デング熱 蚊(ネッタイシマカ;日中に活動する)に刺されることでデングウイルスに感染します。市街地でも多く発生しており、蚊が発生しやすい雨季に患者が増加します。通常3~7日の潜伏期間後に突然の高熱で発症し、頭痛や関節痛、筋肉痛などの症状を伴います。現時点でお勧めできる予防接種はありません。肌の露出を避け、虫除けスプレーや蚊取り線香を使うなど蚊にさされないようにすることが唯一の予防策です。特別な治療法はなく、症状に合わせた対症療法で経過をみます。時に重症化(デング出血熱)し、生命にかかわることもあります。原因のわからない高熱が認められた場合は医療機関を受診して下さい。
寄生虫症 アメーバ赤痢やジアルジア症(ランブル鞭毛虫症)が発生しています。これらの寄生虫が混入している飲食物を口にすることで感染します。発熱することは少なく、血便や下痢、腹痛、腹部不快感を生じますが、下痢や軟便だけが長期間続くこともあります。疑わしい場合は便の検査で寄生虫の有無や種類を確認して下さい。治療は必要に応じて駆虫薬を内服します。

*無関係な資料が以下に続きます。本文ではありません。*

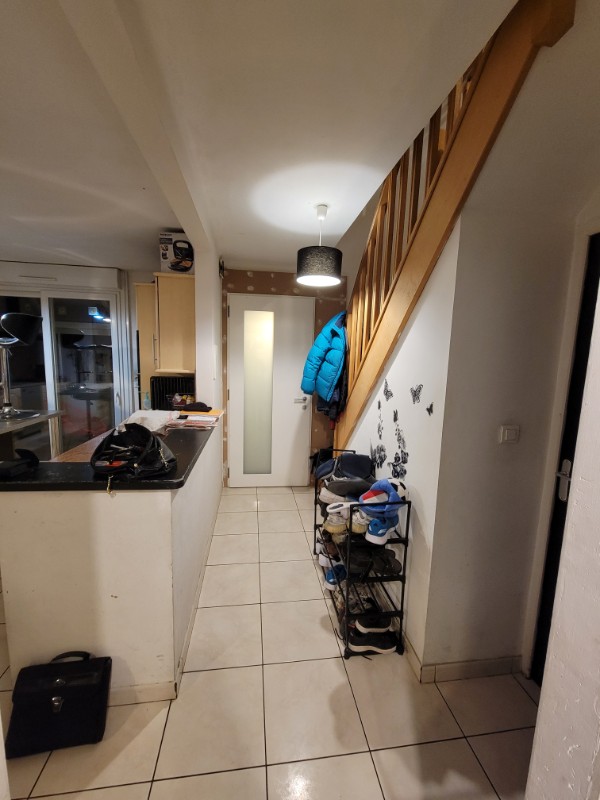 Entrée transformée : murs lissés et tons clairs pour un accueil soigné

マラリア 蚊(ハマダラカ;夜間に活動する)に刺されることでマラリア原虫に感染します。主として森林地帯や国境周辺部で発生しており、プノンペンやシェムリアップ市内で感染することはまずありません。多発する地域に滞在しない限り、予防薬の服用は不要です。潜伏期間は1~2週間(ときに1ヶ月程度)で、突然の高熱で発症します。血液検査で診断することができ、治療薬の内服(ときに点滴)が必要です。治療をせずに放置すると命に関わることもあるため、流行地滞在後に高熱が出た場合は必ず医療機関を受診して下さい。

チクングニア熱 チクングニアウイルスを保有する蚊(ネッタイシマカ;日中に活動する)に刺されることで感染します。通常3~7日の潜伏期間後に高熱で発症し、関節痛や頭痛(眼の奥)、発疹などの症状を伴います。予防接種はありません。特別な治療もありませんが、関節痛が月単位で続くこともあるため、疑わしい症状が認められた場合は医療機関を受診して下さい。